Nunca tuve el Trepidy Gravidy, que era una especie de camioncito espacial a pilas que subía y bajaba por rieles que uno armaba al gusto. Mi primo Chuy sí lo tuvo. Tampoco tuve el espirógrafo, que consistía de una serie de bolígrafos de colores, reglillas y engranes circulares de diversos tamaños con hoyos que servían como guías para dibujar patrones circulares como fractales. Mi primo Chuy sí lo tuvo. Cómo envidiaba a mi primo Chuy.
Aquella Navidad pedí una caja grande de colores Fantasy. Sabía que los Prismacolor eran mejores, pero más caros y, pues, éramos siete hermanos, así que, Fantasy. Lo más que había tenido era una caja de doce colores Jungla largos, esa que tenía un león sonriente y dejaba ver los colores por los dientes. Eran del tamaño de un lápiz, no como los que venían en los paquetes escolares que tenían la mitad de ese tamaño. Me había hecho un experto en combinar colores para tener más posibilidades. Combinar azul con amarillo para obtener verde, por ejemplo. Sabía también que, si primero pintaba el azul y después encima el amarillo, obtenía un tono diferente de verde que si hacía lo contrario. Hacía combinaciones hasta de tres colores, pero sabía que esas tonalidades ya venían en las cajas profesionales, las que tenían más de doce lápices.

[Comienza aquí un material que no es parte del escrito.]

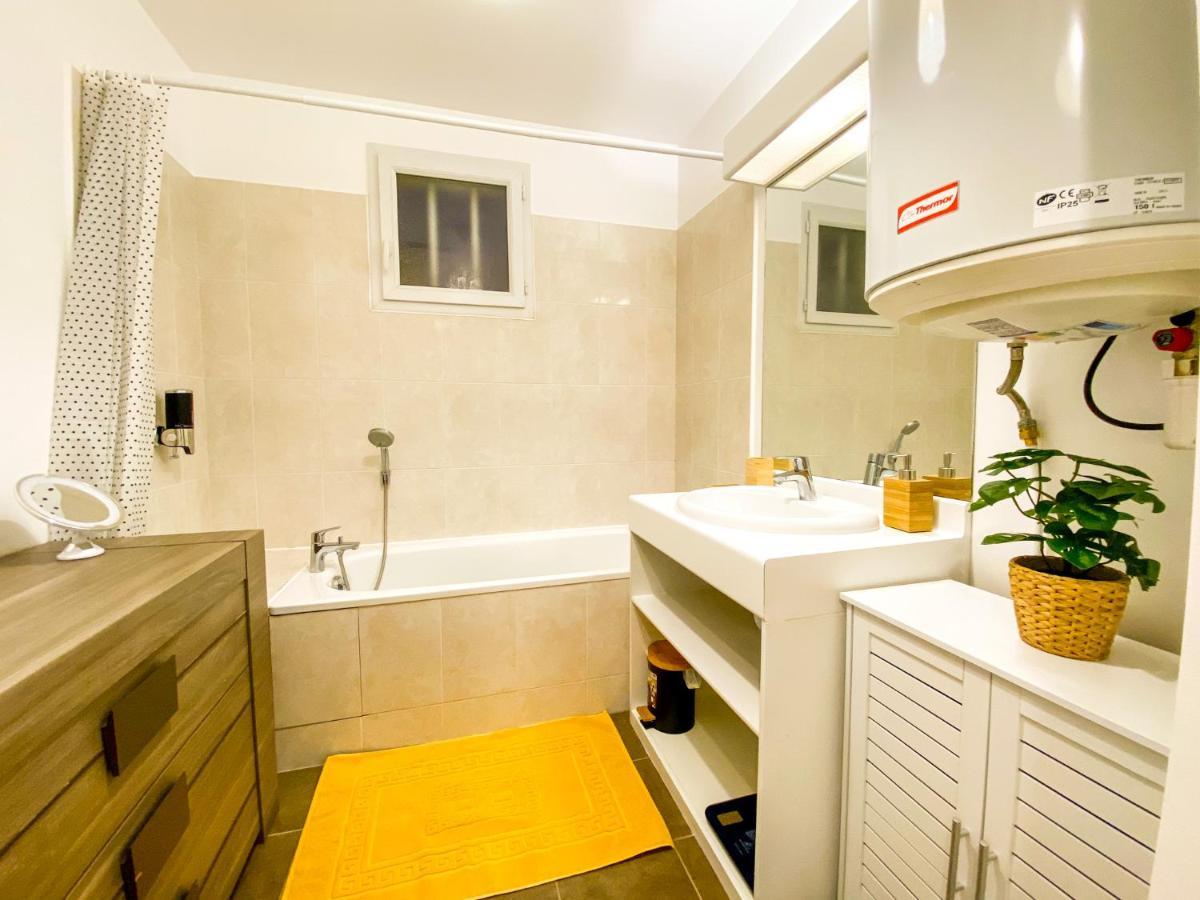 Appartamento The Golden House * Parking * Garden Corbeil-Essonnes Esterno foto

Esa mañana de Navidad, al ver un regalo rectangular y delgado como una tabla, me dio un vuelco el corazón. Lo supe, era la caja de colores Fantasy. Le quité la envoltura y el color rojo del estuche me lo confirmó (el estuche de los Prismacolor era azul). ¡Treinta y seis colores! Felicidad cromática. Tenía tres tonos de amarillo, otros tantos de naranja, varios verdes, ocres y muchos azules. Guinda, morado y púrpura. Pero lo mejor, los que competían por el Santo Grial de la luz, eran: el plateado, el dorado y ¡el color carne! Sí, había un color carne. Nunca más pintaría los rostros de color rosa. Aunque, en la vida real, nunca he conocido a alguien que tenga ese tono en su piel, a menos que use maquillaje. Y mi piel es café claro en la ciudad y un poco más oscura al sol.
Pintar ciertos países de plateado o dorado en los mapas escolares era algo que hacía que mis compañeros se quedaran con la boca abierta. Estaba insoportable con mi tesoro de colores que, además, se abría y se doblaba en una especie de atril que desplegaba como pavorreal su menú en mi mesabanco. Fue el mejor regalo que he tenido por navidades. Hasta ese entonces, yo me veía como dibujante en el futuro. Me soñaba dibujante de historietas y contador de historias. Lo probaban las muchas libretas y cuadernos de dibujo que estaban habitados por superhéroes con sus mallas, capas y escudos de múltiples diseños y colores, y todos los personajes de mis caricaturas favoritas. Aún conservo alguna entre mis libreros.
Y dije que iba a ser dibujante hasta el día en que empecé a dibujar cuerpos femeninos al natural y mi madre me tachó de degenerado sexual. Nunca entendí: Hombres musculosos, sí. Mujeres curvilíneas, no. La censura religiosa metía sus narices en mi vida por enésima vez.
Lo que tenía claro desde niño es que la vida tiene muchos colores, que no es en blanco y negro, y que, —parafraseando a Forrest Gump—, es como una gran caja de colores Fantasy. Siempre habrá un color que te emocione más que otro, pero allí están todos y allí están la grandeza y la maravilla, en la diversidad. Que entre blanco y negro, malo y bueno, positivo y negativo, hay toda una gama de opciones, que esos son sólo los extremos y nosotros navegamos entre uno y otro.
Renuncié triste a mi carrera de dibujante y sólo hice el intento de recuperarla cuando me metí a estudiar arquitectura, pero la vida me dio una nueva opción: la música. Esa tampoco fue del agrado familiar, pero fue tan fuerte su llamado, que abandoné el hogar para poder ejercerla. Ahora pinto mi mundo de otra manera, con sonidos. Cambié aquellos treinta y seis colores por doce notas musicales, y cuento historias con ellas. Valió la pena.